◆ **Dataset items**
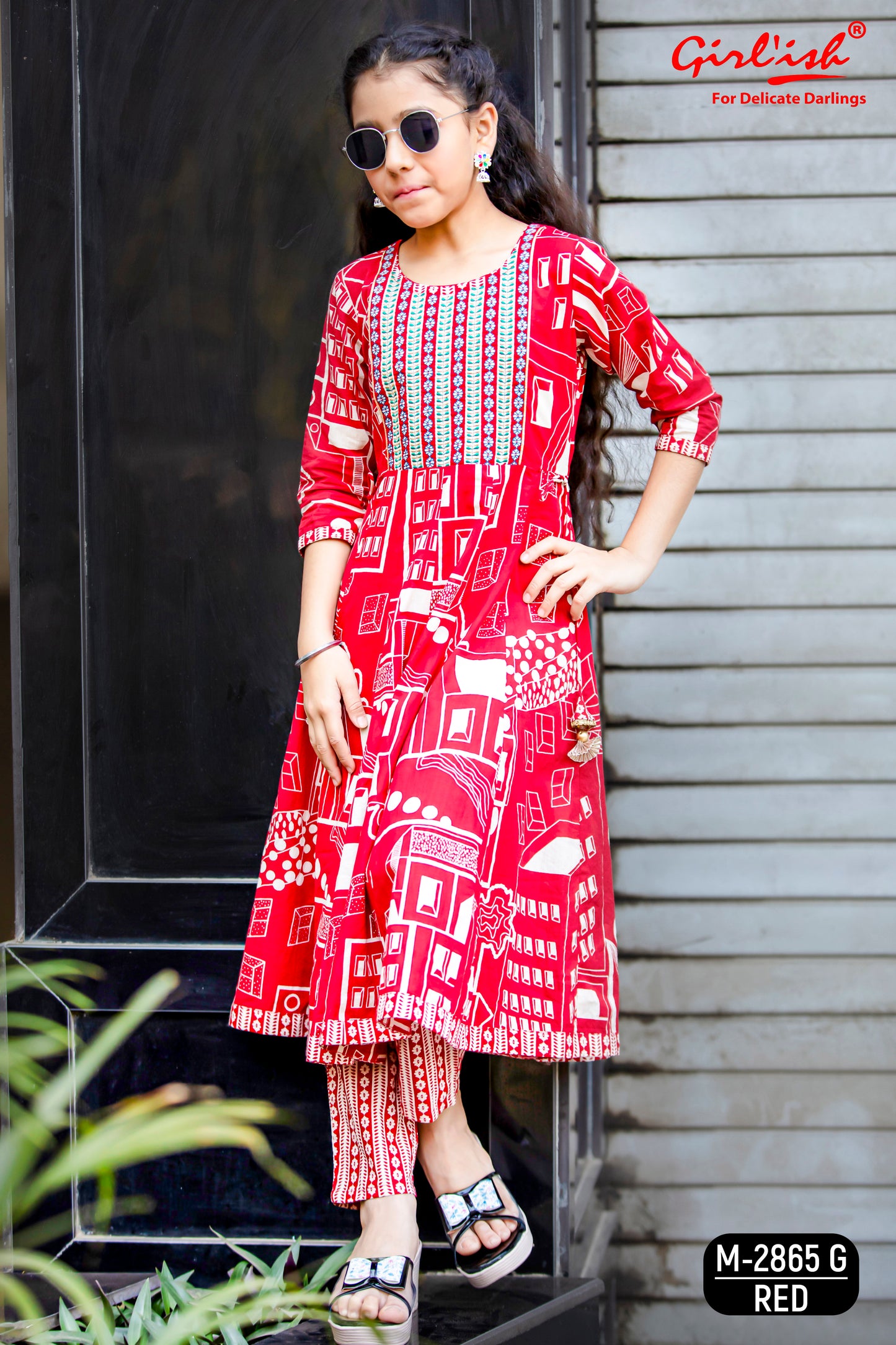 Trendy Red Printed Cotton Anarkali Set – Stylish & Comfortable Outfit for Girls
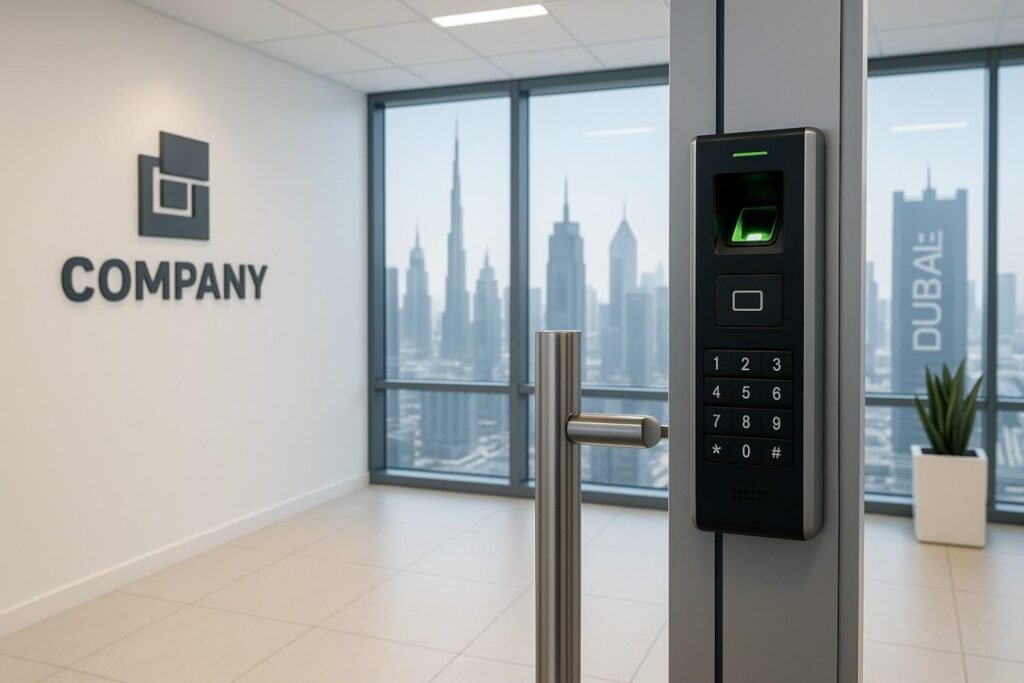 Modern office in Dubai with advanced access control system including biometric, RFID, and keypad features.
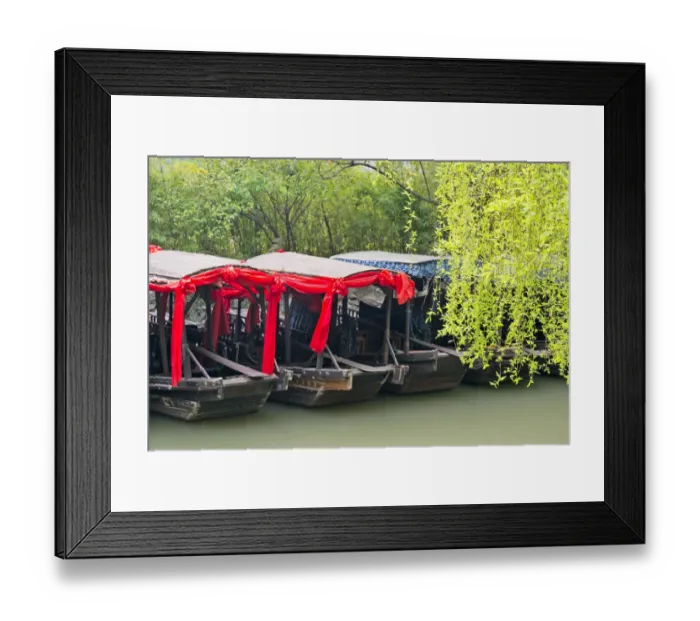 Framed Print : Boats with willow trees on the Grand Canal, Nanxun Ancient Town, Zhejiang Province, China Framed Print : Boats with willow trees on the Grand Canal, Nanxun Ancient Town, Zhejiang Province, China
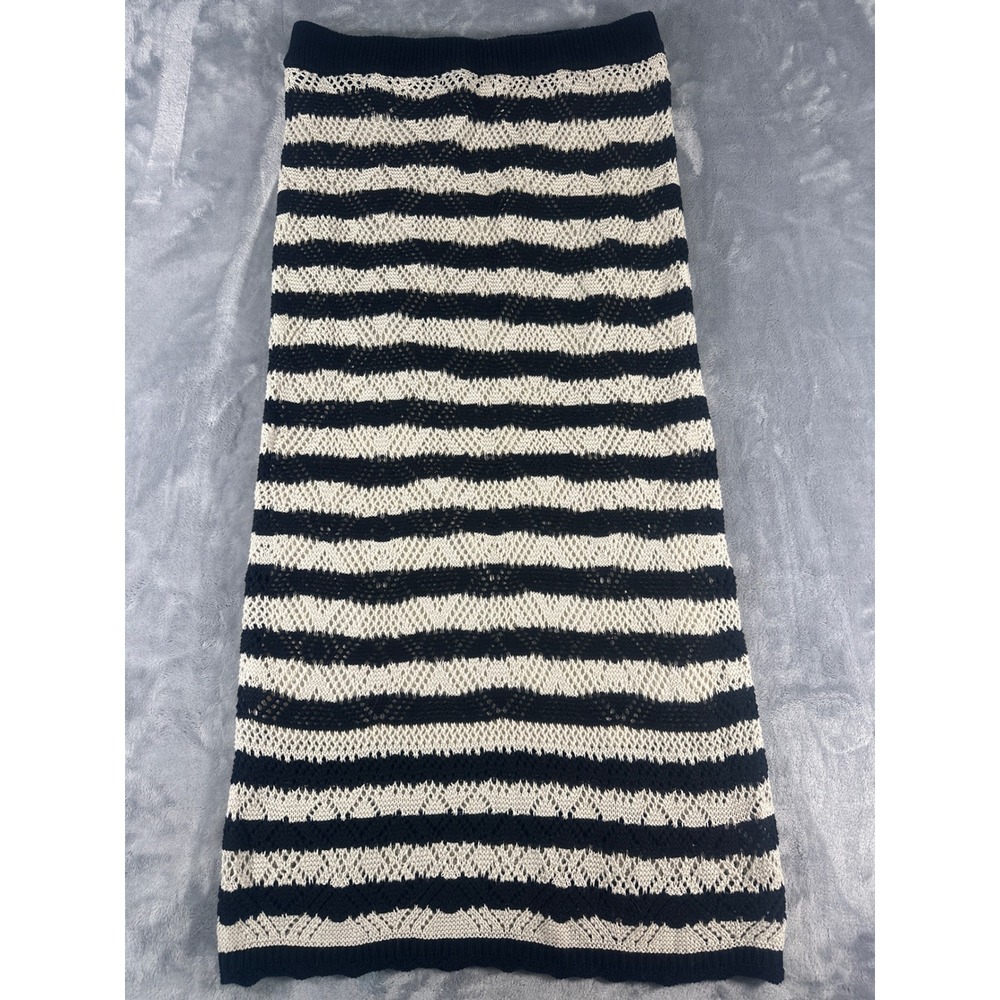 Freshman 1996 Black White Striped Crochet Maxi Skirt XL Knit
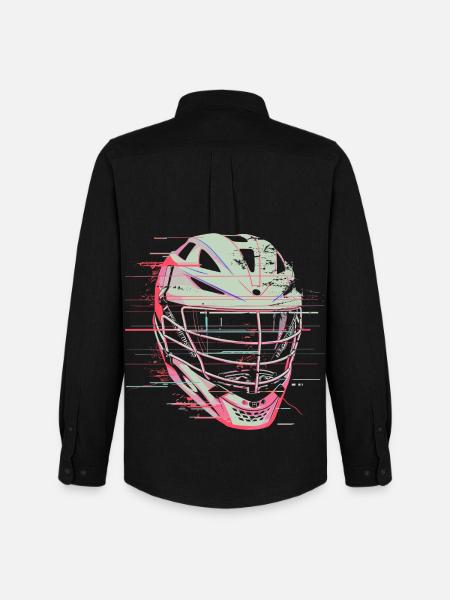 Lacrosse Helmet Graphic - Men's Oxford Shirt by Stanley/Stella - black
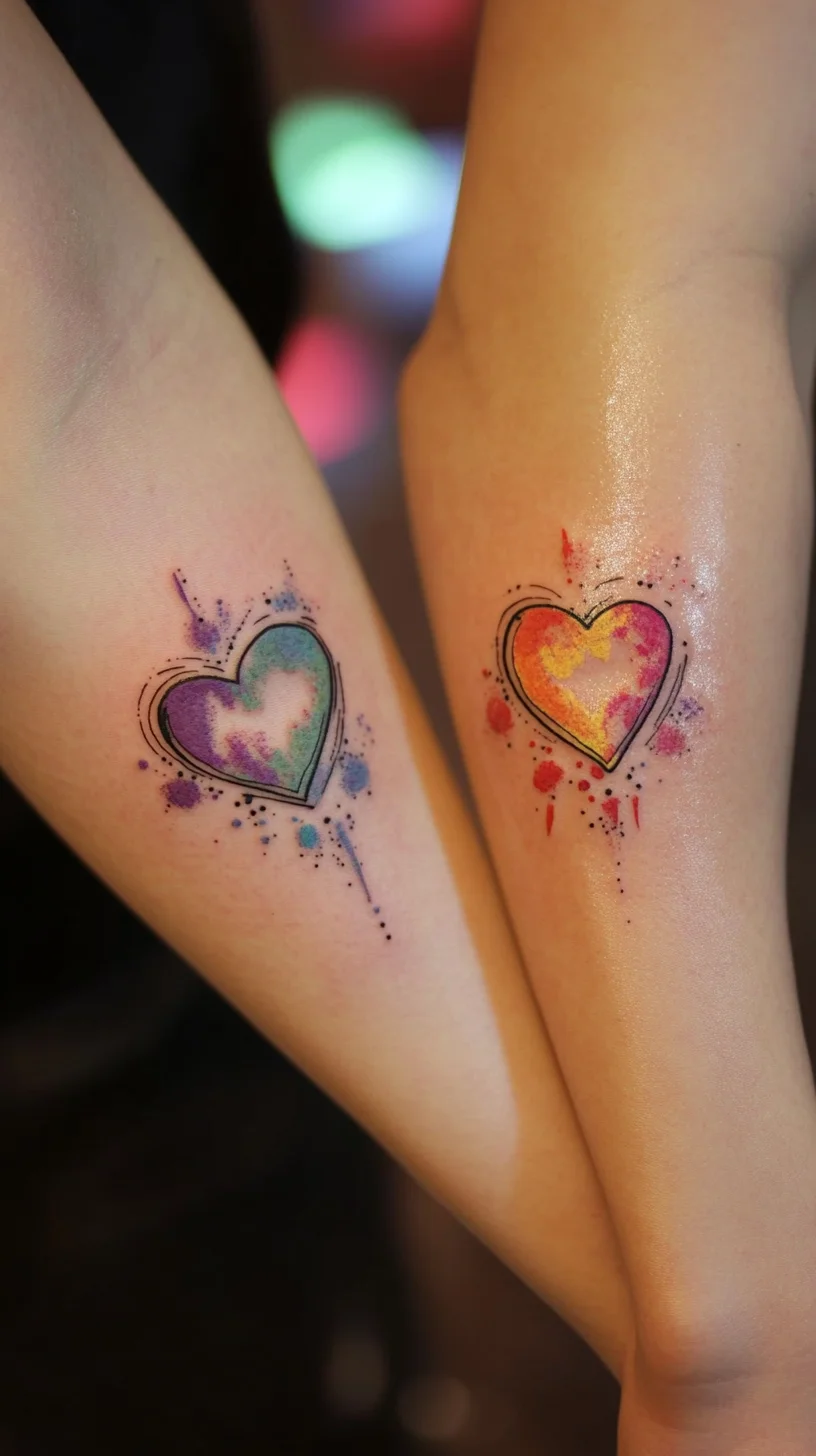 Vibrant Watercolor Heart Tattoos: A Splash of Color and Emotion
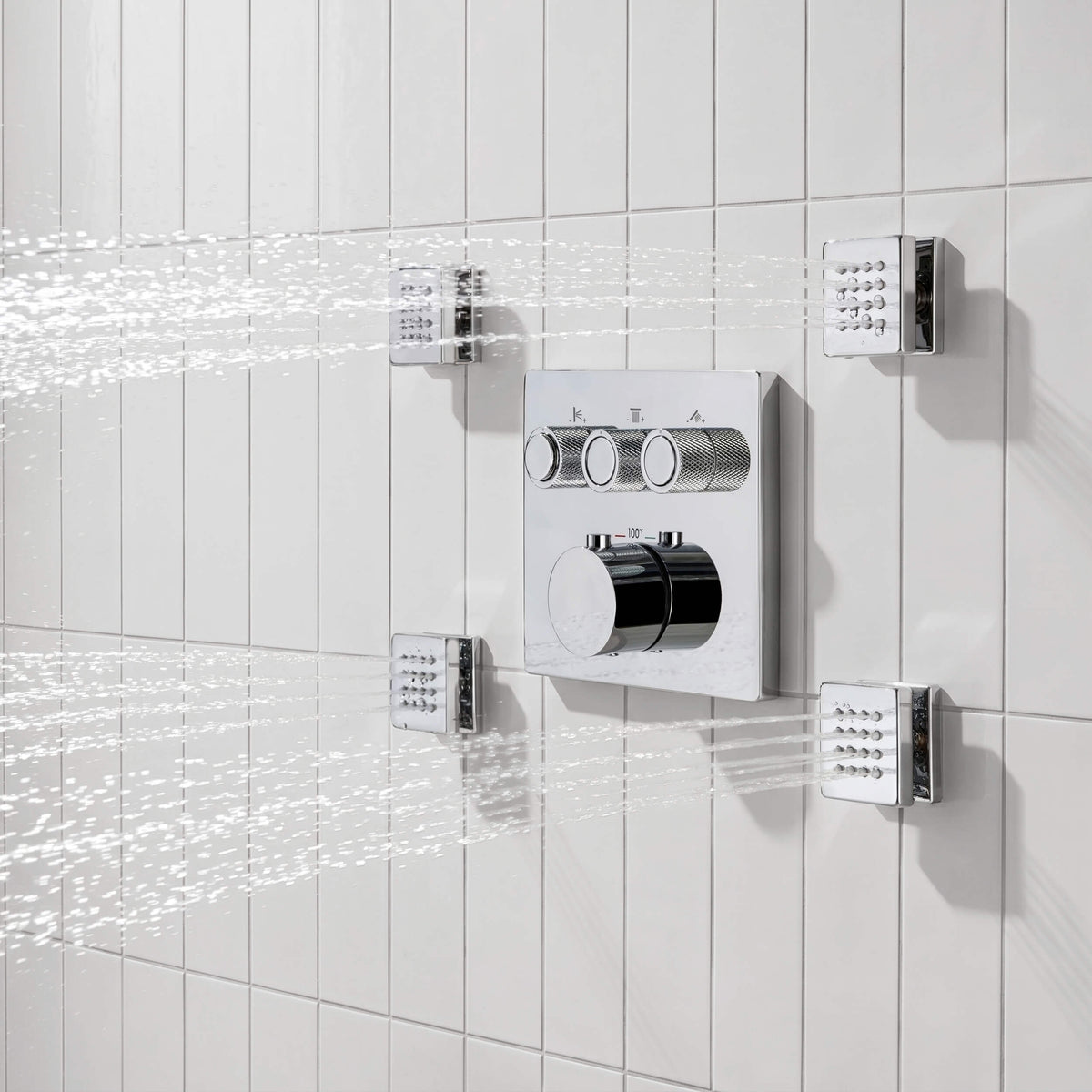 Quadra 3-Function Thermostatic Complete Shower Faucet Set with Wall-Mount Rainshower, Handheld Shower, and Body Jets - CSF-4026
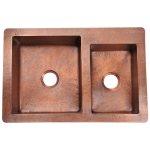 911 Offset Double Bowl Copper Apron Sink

◆ **EXERCISE DESCRIPTION**
The records above need to be printed in full and exactly, without any of the pictures.

◆ **SOLUTION FOR THIS EXERCISE**
 Trendy Red Printed Cotton Anarkali Set – Stylish & Comfortable Outfit for Girls
 Modern office in Dubai with advanced access control system including biometric, RFID, and keypad features.
 Framed Print : Boats with willow trees on the Grand Canal, Nanxun Ancient Town, Zhejiang Province, China Framed Print : Boats with willow trees on the Grand Canal, Nanxun Ancient Town, Zhejiang Province, China
 Freshman 1996 Black White Striped Crochet Maxi Skirt XL Knit
 Lacrosse Helmet Graphic - Men's Oxford Shirt by Stanley/Stella - black
 Vibrant Watercolor Heart Tattoos: A Splash of Color and Emotion
 Quadra 3-Function Thermostatic Complete Shower Faucet Set with Wall-Mount Rainshower, Handheld Shower, and Body Jets - CSF-4026
 911 Offset Double Bowl Copper Apron Sink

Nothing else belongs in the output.